Records for processing
BEGIN

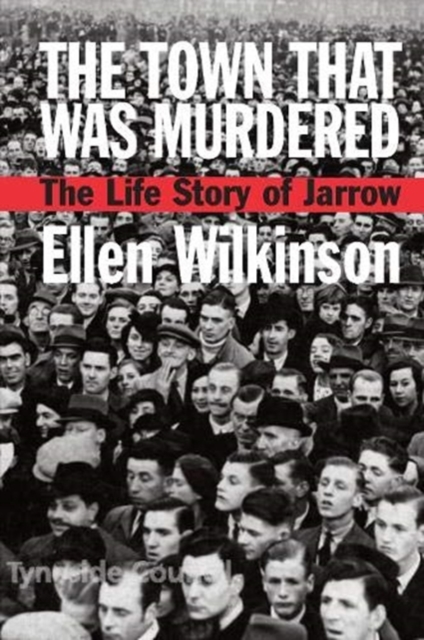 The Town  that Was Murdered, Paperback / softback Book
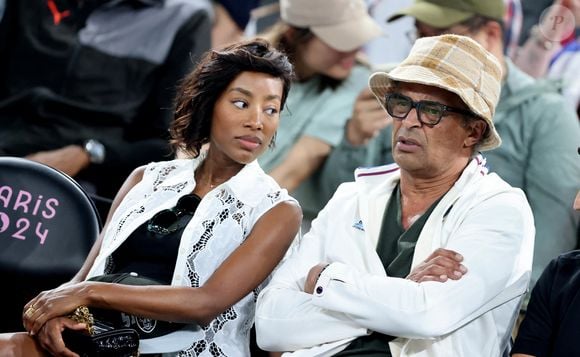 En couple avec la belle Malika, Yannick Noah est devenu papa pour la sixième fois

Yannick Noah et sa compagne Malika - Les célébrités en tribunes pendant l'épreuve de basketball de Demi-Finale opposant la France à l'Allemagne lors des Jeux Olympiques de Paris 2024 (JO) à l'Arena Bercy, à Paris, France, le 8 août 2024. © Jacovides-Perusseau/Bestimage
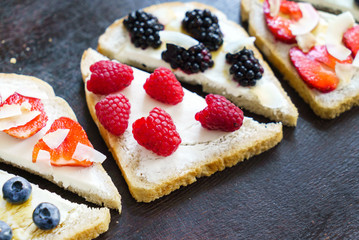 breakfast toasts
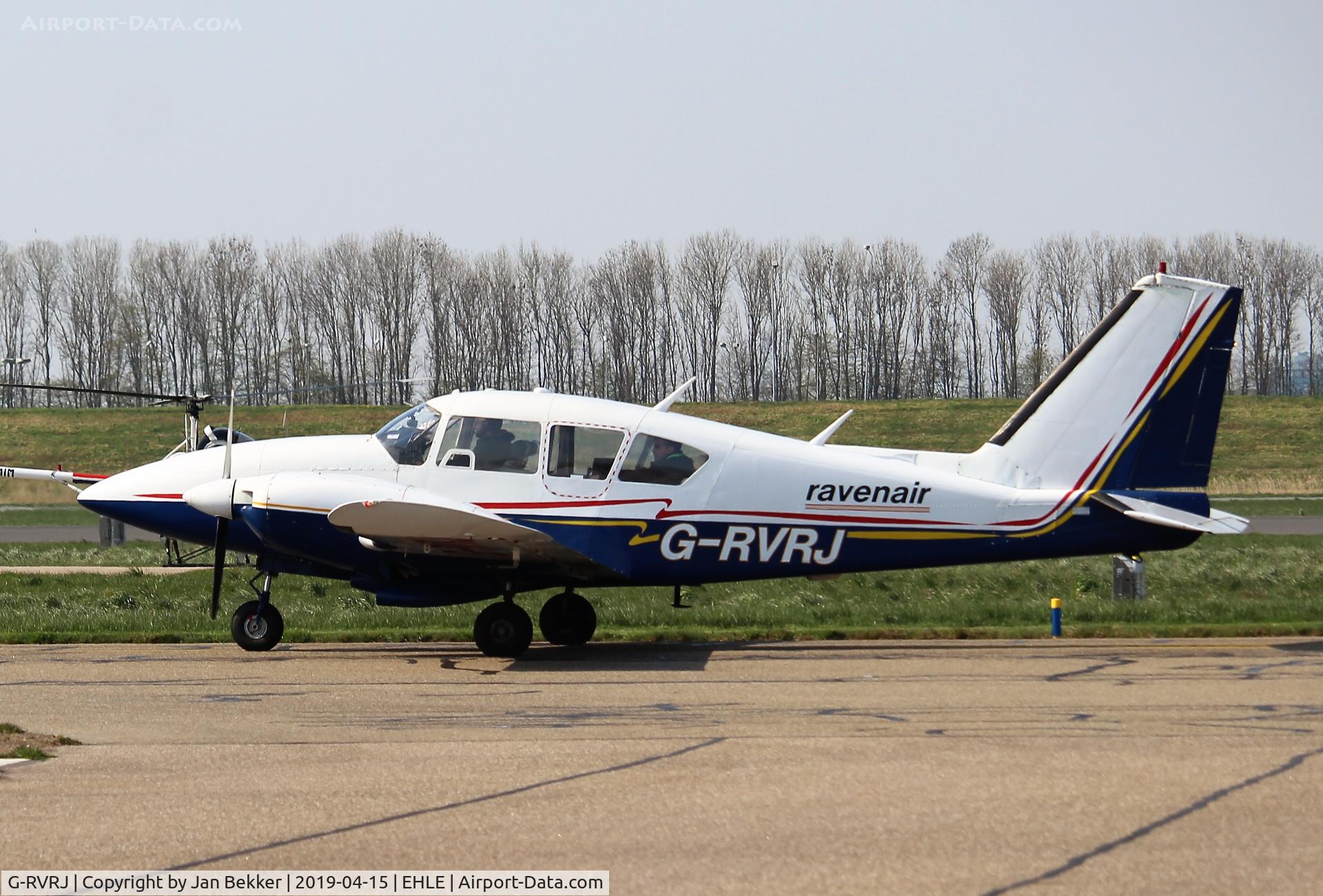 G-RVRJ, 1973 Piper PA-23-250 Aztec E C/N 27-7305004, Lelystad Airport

END
BEGIN

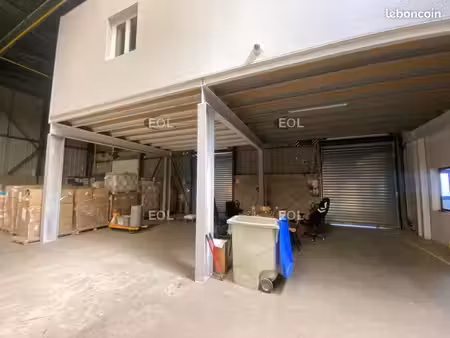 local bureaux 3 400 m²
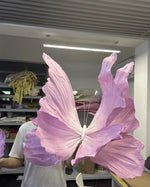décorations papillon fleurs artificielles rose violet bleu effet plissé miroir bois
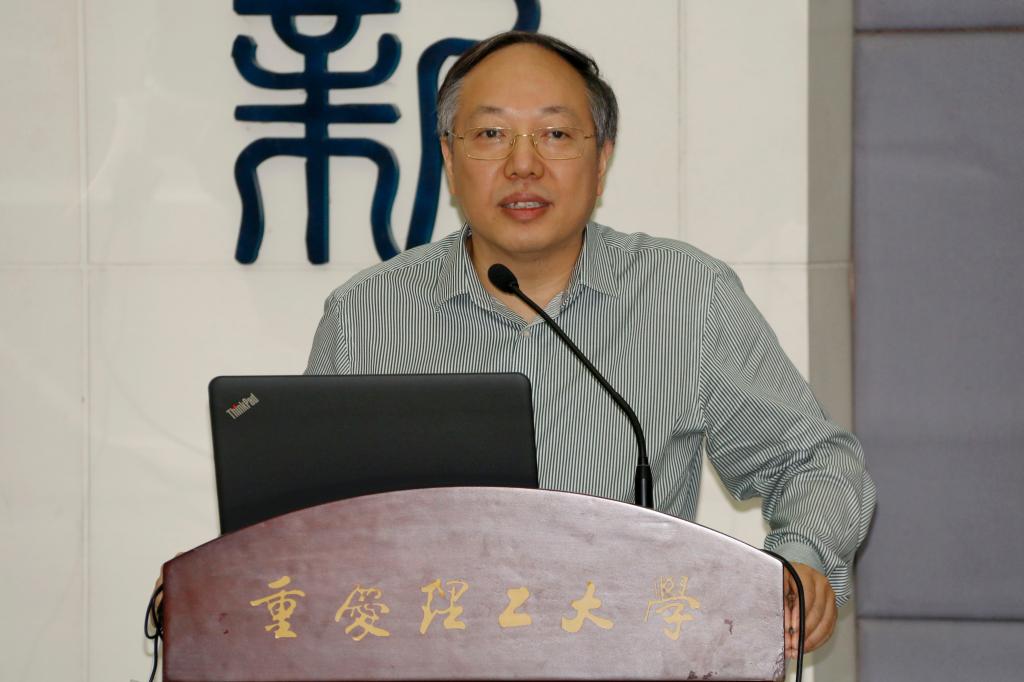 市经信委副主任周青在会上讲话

END

Required work
Quote the lines above exactly, starting with the one that has "Yannick Noah et" and ending with the one that has "G-RVRJ, 1973 Piper"; drop the pictures and include nothing else.

Reply
Yannick Noah et sa compagne Malika - Les célébrités en tribunes pendant l'épreuve de basketball de Demi-Finale opposant la France à l'Allemagne lors des Jeux Olympiques de Paris 2024 (JO) à l'Arena Bercy, à Paris, France, le 8 août 2024. © Jacovides-Perusseau/Bestimage
 breakfast toasts
 G-RVRJ, 1973 Piper PA-23-250 Aztec E C/N 27-7305004, Lelystad Airport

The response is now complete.